そういって、コアラは鞄からA4ぐらいの印刷物を取り出すと、それを持って颯爽と受付に向かって行きました。

 ワシとさるじろう先生は、シーホークの大きさときれいさと立派さとすごさに驚いて、辺りをきょろきょろ見回していました。さるじろう先生は「見ていて」と言われたので、コアラの荷物をじっと見ていました。そのうち、さるじろう先生がある異変に気がつきました。

 ずらっと並んでいるシーホークの受付の一角でコアラと受付の方がもめていました。明らかに周りの空気が違っています。

さ「コアラがなんかもめとるみたいなで。」

ワ「えーっ。なんかあったんですかねえ。」

さ「まさか、泊まれんとかじゃあないか。」

ワ「それは勘弁してほしいですねえ。」

とか話しているうちに、だいぶ経ってコアラが戻ってきました。

「お待たせしました。これカードキーですからなくさんようにしてください。
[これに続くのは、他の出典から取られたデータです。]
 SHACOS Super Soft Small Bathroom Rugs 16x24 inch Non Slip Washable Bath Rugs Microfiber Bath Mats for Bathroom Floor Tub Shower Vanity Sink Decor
」

 私とさるじろう先生は、各々のカードキーを握りしめて、まあ良かったということでホッとしてコアラの後について高級そうなエレベーターに乗り込みました。

 さるじろう先生がコアラに聞きました。

さ「何かもめとったようじゃけど何かあったんか。」

コ「ええ。予約が一部屋しか取れてなかったんですよ。」

ワシたちとさるじろう先生は、目が点になりました。

さ「それでどうしたんか。」

コ「そっちの手違いじゃと言って押し問答しとったら、ついに相手が折れて空き部屋を3つ用意してくれました。」

と、ケロッと答えました。

さ「この時期のよくそんなことができたのう。」

コ「まあ、向こうが悪いですけえねえ。まあ、確認せんかったワシも少しは悪かったんですが。よう考えてみたら人数は入れたけど部屋数は入れんかったような気がしますけどねえ。それでも3人ちゅうたら普通は3部屋取るでしょう。ホテルマンの常識として。じゃからホテルの手違いです。」

と何事もなかったように、悪ぶれもせずにあっさりと答えました。


 きっとホテルの人は泣いていたと思います。超クレーマーもいいところです。この時期にシーホーク当日2部屋追加なんて。それにしてもコアラはまったく悪いとも思っていませんでしたし、そんな様子は微塵も見せませんでした。すごい。B型。しかも「常識」という言葉をしゃあしゃあと使っていることがすごいと思いました。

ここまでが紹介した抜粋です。